## YOUR ASSIGNMENT:
Starting at the line that holds "Scoth Swivel Chair" and stopping at the line that holds "Gamer Girl Rosa", restate the records below word for word, with both of those lines included.

## INPUT MATERIAL:
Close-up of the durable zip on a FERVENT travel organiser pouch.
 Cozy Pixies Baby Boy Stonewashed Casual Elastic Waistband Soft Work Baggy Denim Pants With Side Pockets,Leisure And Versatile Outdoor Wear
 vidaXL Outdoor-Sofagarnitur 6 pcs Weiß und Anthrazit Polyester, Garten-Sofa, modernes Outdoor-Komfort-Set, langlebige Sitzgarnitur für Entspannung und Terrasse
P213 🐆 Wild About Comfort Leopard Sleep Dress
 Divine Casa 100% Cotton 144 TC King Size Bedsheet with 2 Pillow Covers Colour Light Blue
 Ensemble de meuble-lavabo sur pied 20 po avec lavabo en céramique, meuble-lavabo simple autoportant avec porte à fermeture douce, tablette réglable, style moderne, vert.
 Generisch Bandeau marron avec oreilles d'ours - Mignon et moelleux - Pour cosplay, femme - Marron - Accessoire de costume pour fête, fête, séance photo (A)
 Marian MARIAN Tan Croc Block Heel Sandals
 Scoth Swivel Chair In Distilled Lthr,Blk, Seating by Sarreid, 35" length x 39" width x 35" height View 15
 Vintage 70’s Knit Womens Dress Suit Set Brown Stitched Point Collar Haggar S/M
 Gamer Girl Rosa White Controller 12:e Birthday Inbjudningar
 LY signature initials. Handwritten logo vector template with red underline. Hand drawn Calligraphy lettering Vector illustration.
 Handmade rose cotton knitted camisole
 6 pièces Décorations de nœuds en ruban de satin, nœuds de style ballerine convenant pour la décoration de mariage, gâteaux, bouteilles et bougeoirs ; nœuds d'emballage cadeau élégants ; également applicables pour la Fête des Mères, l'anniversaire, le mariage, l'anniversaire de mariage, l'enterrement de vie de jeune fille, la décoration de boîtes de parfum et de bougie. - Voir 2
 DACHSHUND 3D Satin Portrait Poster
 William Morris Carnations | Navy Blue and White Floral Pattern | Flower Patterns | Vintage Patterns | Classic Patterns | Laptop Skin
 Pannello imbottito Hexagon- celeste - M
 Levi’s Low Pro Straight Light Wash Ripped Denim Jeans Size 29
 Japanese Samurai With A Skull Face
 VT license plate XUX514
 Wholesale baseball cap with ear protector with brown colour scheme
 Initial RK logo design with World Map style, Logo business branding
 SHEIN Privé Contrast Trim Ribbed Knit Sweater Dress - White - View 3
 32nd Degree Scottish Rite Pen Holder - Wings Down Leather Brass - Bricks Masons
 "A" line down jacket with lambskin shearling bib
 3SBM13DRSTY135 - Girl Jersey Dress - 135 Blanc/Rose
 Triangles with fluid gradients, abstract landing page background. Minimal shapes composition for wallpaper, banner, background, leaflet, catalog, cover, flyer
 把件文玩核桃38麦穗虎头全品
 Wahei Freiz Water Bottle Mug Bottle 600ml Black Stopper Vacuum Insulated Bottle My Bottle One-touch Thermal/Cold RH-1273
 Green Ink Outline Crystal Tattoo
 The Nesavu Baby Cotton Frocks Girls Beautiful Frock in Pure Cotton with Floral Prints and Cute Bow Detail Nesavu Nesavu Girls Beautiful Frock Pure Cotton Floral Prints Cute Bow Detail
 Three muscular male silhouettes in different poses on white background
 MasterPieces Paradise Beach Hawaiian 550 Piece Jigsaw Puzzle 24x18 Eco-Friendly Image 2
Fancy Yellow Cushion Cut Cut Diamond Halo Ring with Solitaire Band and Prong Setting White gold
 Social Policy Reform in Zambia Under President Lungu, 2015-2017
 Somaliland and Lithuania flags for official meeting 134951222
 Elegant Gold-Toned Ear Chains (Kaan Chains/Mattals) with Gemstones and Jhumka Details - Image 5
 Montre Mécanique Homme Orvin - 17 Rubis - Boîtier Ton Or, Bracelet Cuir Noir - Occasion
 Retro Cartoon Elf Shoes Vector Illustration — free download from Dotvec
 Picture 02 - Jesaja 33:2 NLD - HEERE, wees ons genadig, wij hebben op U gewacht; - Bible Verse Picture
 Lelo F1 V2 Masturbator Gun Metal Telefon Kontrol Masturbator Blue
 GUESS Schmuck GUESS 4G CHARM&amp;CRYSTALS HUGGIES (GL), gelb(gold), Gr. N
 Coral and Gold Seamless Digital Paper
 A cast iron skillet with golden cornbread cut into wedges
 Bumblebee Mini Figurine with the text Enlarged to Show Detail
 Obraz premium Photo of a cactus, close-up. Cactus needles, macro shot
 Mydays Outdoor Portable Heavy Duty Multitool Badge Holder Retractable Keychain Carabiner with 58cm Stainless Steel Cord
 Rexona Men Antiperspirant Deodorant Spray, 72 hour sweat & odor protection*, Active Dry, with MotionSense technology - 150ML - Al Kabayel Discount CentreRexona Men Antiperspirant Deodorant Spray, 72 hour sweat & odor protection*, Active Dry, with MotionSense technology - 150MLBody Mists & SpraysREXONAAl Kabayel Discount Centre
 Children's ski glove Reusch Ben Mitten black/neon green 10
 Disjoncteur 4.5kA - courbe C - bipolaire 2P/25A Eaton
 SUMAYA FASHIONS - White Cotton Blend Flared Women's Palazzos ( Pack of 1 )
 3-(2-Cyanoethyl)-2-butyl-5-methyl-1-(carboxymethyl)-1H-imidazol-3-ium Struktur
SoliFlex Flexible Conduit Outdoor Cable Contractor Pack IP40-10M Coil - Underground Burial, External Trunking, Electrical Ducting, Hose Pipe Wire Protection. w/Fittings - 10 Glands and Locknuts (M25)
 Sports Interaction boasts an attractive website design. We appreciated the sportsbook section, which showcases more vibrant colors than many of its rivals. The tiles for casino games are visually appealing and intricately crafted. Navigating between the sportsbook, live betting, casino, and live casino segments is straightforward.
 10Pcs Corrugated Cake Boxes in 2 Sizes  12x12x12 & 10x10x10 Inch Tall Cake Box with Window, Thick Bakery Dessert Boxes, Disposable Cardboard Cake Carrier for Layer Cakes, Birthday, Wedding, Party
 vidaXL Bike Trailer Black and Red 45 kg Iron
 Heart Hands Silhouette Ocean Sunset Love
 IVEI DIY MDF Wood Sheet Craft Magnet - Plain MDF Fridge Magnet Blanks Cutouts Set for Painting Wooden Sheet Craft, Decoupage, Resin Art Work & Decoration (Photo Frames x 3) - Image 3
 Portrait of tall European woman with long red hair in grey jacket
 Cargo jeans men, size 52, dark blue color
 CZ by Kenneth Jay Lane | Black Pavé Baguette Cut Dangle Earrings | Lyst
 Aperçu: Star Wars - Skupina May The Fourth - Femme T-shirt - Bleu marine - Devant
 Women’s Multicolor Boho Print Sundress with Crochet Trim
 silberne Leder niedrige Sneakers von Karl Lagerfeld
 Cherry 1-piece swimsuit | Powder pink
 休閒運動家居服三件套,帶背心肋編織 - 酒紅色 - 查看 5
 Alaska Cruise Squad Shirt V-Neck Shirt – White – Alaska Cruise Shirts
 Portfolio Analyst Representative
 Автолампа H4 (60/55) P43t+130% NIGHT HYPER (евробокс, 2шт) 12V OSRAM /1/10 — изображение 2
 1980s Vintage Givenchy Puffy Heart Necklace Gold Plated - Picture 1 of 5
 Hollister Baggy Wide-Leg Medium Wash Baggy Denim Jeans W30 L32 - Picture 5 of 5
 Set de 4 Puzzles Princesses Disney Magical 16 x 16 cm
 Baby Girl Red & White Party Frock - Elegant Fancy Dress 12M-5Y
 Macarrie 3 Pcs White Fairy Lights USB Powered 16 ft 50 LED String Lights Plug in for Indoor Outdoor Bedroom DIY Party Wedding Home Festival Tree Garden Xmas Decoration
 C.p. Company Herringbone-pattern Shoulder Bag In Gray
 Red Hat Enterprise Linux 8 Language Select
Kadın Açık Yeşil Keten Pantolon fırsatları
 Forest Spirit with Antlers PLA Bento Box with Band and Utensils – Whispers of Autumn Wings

## TASK OUTPUT:
 Scoth Swivel Chair In Distilled Lthr,Blk, Seating by Sarreid, 35" length x 39" width x 35" height View 15
 Vintage 70’s Knit Womens Dress Suit Set Brown Stitched Point Collar Haggar S/M
 Gamer Girl Rosa White Controller 12:e Birthday Inbjudningar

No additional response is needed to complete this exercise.